- PROMPT -
From the line containing "fa- | image" down to the line containing "Protein-Protein network diagram for MIF", copy out the entries below exactly, both lines included, and nothing else; pictures do not belong in the copy.

- WORKING DATA -

:::::

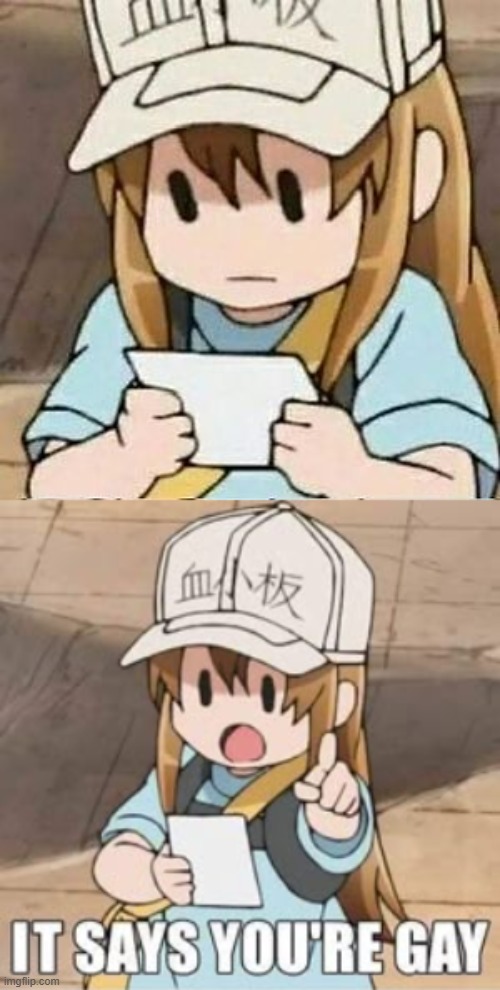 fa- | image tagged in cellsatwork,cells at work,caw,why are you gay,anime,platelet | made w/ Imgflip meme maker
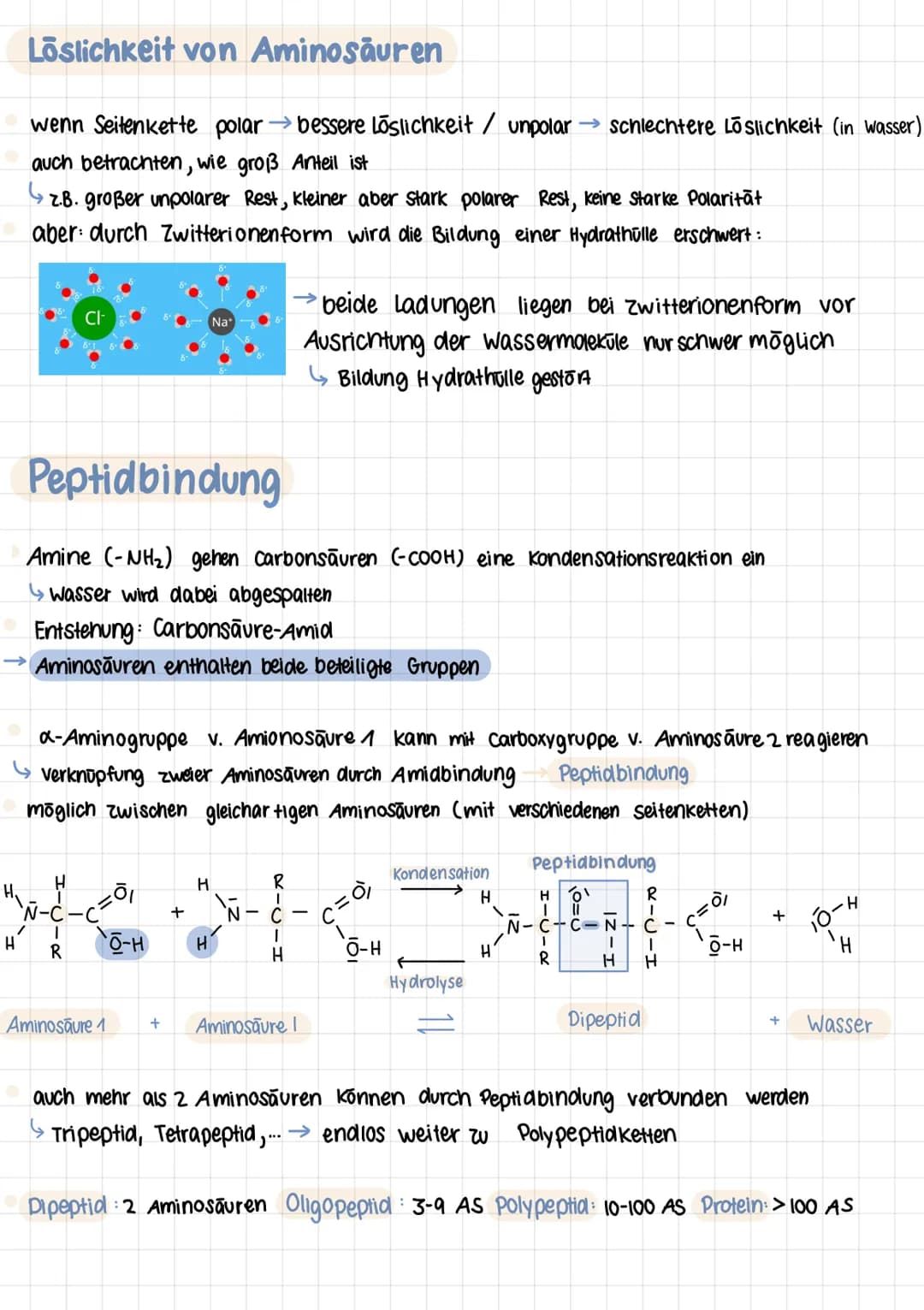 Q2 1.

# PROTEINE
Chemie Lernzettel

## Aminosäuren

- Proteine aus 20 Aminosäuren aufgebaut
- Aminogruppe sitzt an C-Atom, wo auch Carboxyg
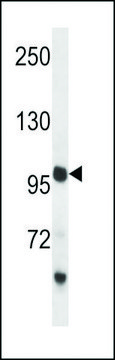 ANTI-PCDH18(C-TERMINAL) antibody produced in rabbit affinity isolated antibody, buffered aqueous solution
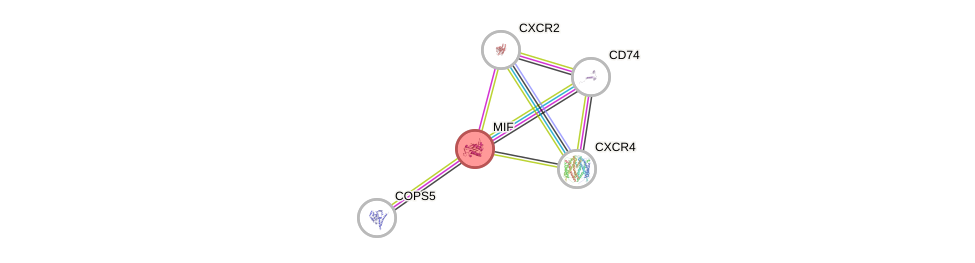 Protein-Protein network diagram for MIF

:::::

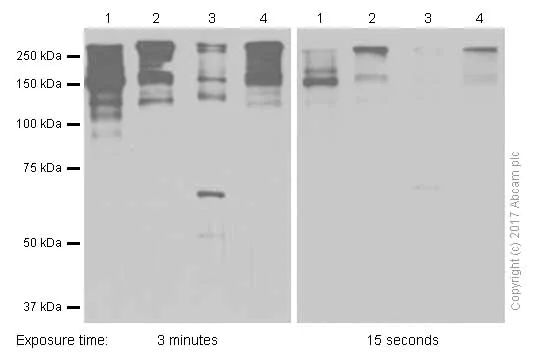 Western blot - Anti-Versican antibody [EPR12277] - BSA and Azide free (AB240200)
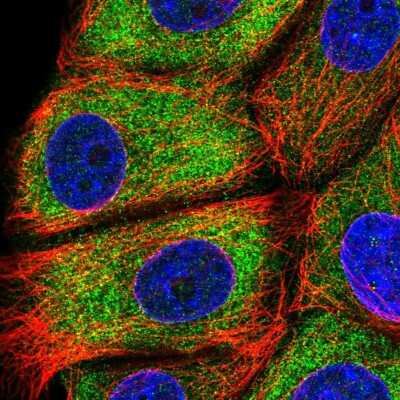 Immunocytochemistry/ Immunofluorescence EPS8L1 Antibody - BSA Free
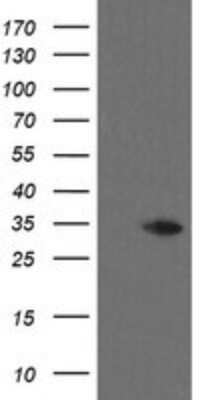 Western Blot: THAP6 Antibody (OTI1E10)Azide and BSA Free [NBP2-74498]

:::::

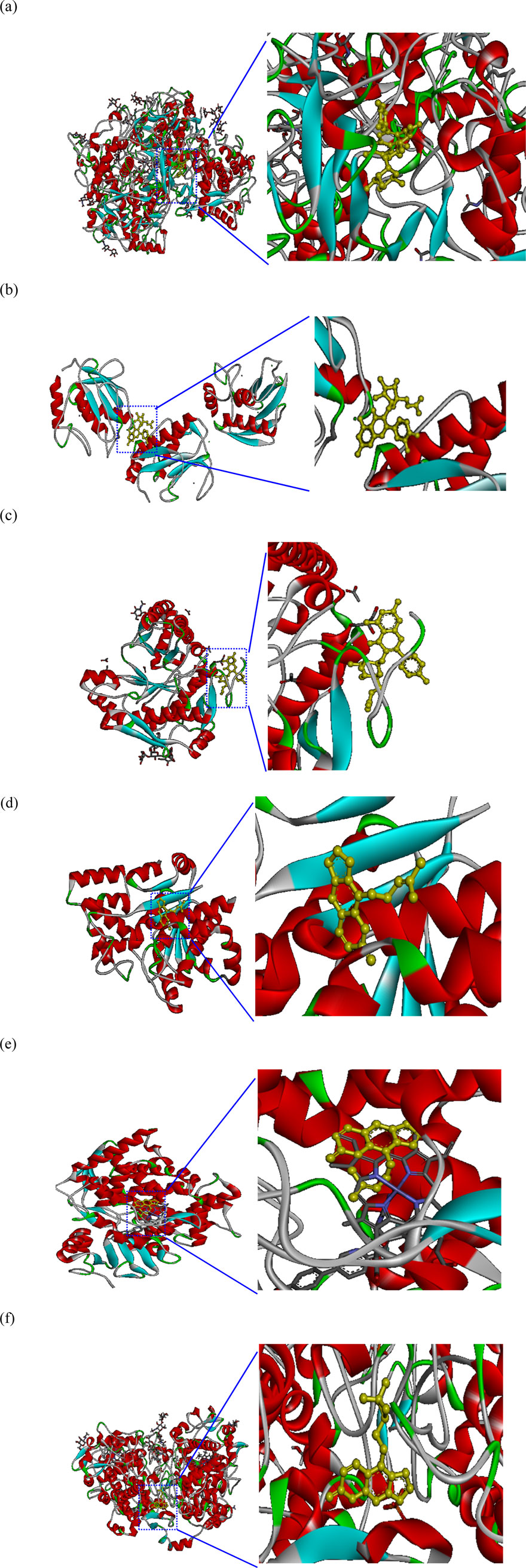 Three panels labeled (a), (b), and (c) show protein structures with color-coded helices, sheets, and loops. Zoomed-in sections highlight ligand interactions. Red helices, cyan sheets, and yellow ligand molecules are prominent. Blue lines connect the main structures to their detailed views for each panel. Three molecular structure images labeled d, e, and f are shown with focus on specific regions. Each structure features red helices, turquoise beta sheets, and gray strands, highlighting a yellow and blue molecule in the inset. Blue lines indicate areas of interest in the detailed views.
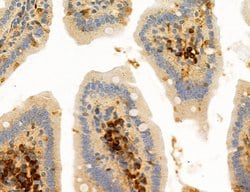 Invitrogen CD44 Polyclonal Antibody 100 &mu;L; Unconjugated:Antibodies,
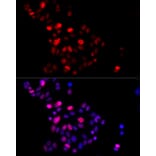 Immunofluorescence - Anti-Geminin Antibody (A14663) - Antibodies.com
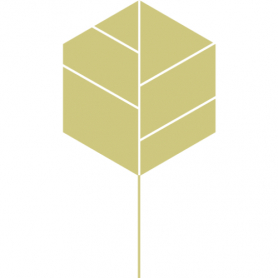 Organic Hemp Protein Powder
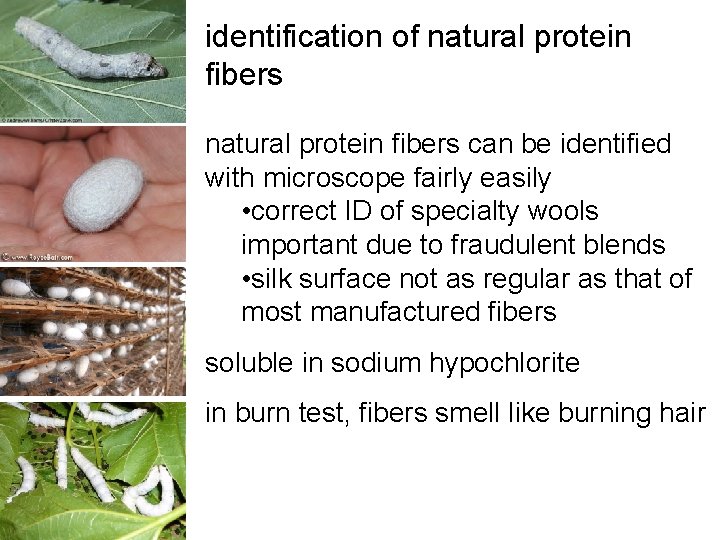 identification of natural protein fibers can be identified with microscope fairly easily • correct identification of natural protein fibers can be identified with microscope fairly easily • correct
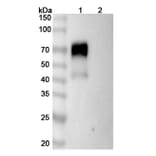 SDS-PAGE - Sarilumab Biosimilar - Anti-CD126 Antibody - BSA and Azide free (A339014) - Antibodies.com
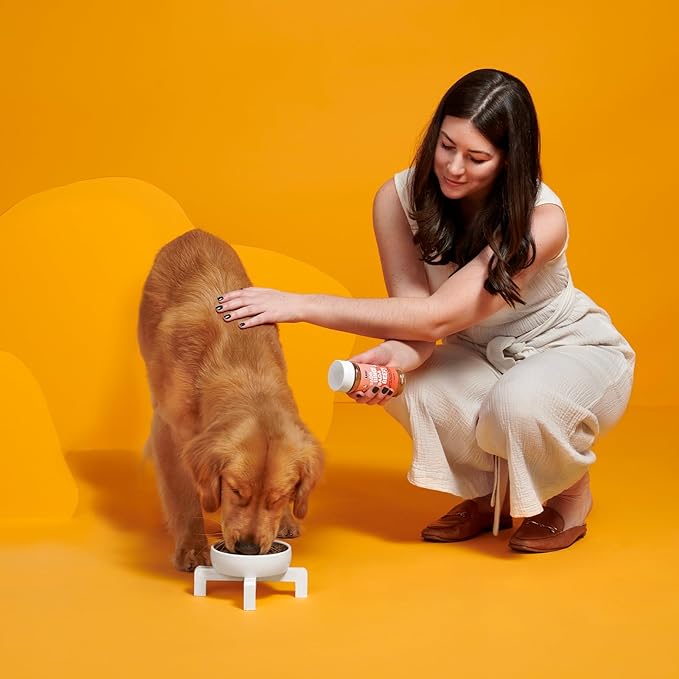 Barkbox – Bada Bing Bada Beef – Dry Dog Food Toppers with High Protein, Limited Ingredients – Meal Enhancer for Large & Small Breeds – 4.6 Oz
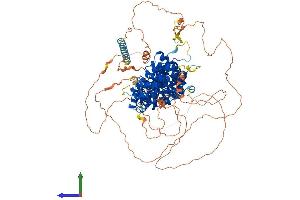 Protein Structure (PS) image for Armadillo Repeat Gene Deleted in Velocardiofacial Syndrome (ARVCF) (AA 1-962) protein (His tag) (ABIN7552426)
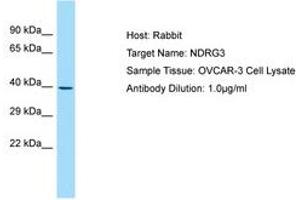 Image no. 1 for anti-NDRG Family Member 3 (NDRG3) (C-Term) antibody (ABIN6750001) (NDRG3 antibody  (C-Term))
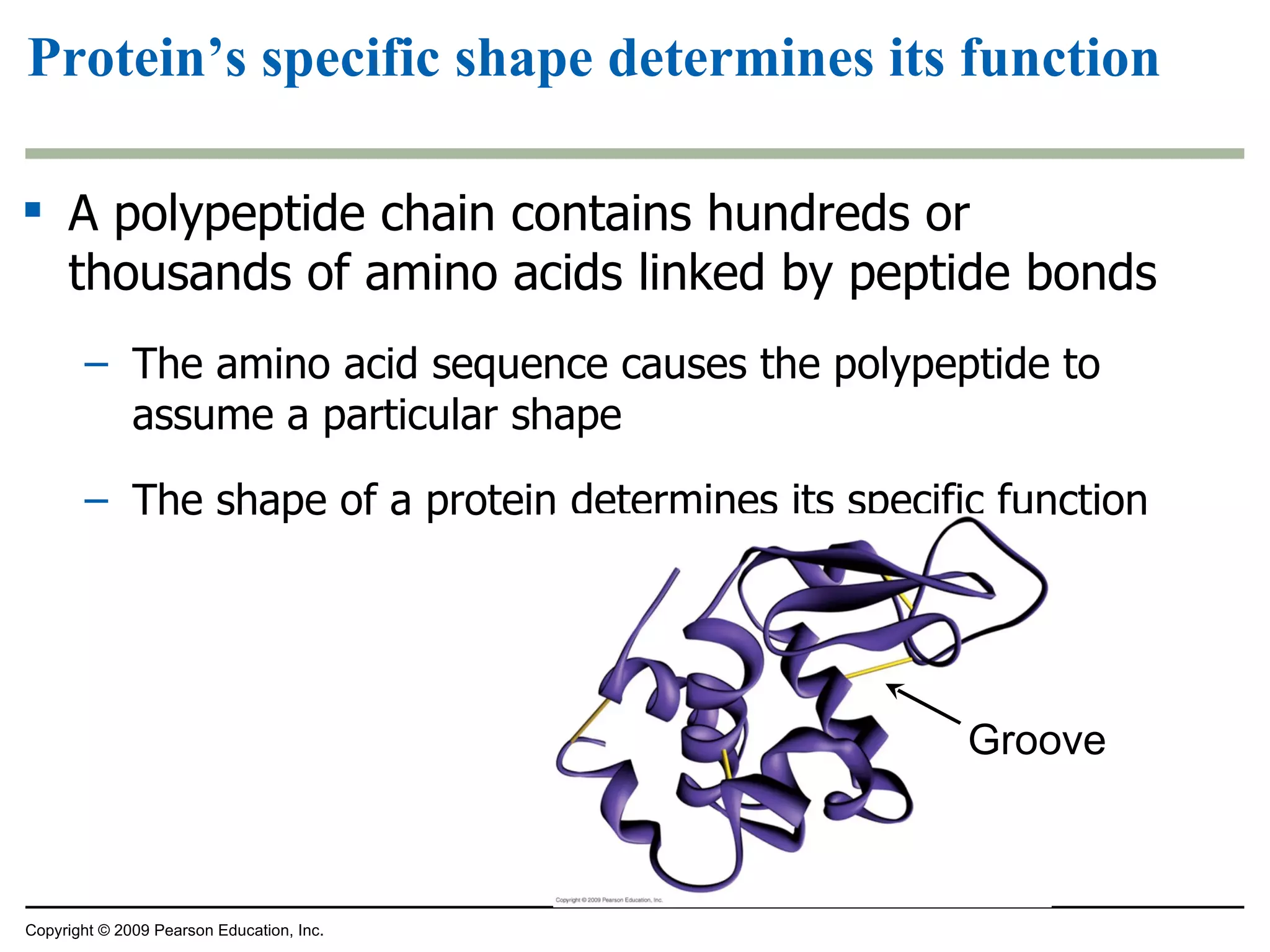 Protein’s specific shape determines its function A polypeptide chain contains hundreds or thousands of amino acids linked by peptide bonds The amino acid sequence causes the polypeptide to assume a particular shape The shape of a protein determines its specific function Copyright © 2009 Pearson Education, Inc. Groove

:::::

- EXERCISE SOLUTION -
 fa- | image tagged in cellsatwork,cells at work,caw,why are you gay,anime,platelet | made w/ Imgflip meme maker
 Q2 1.

# PROTEINE
Chemie Lernzettel

## Aminosäuren

- Proteine aus 20 Aminosäuren aufgebaut
- Aminogruppe sitzt an C-Atom, wo auch Carboxyg
 ANTI-PCDH18(C-TERMINAL) antibody produced in rabbit affinity isolated antibody, buffered aqueous solution
 Protein-Protein network diagram for MIF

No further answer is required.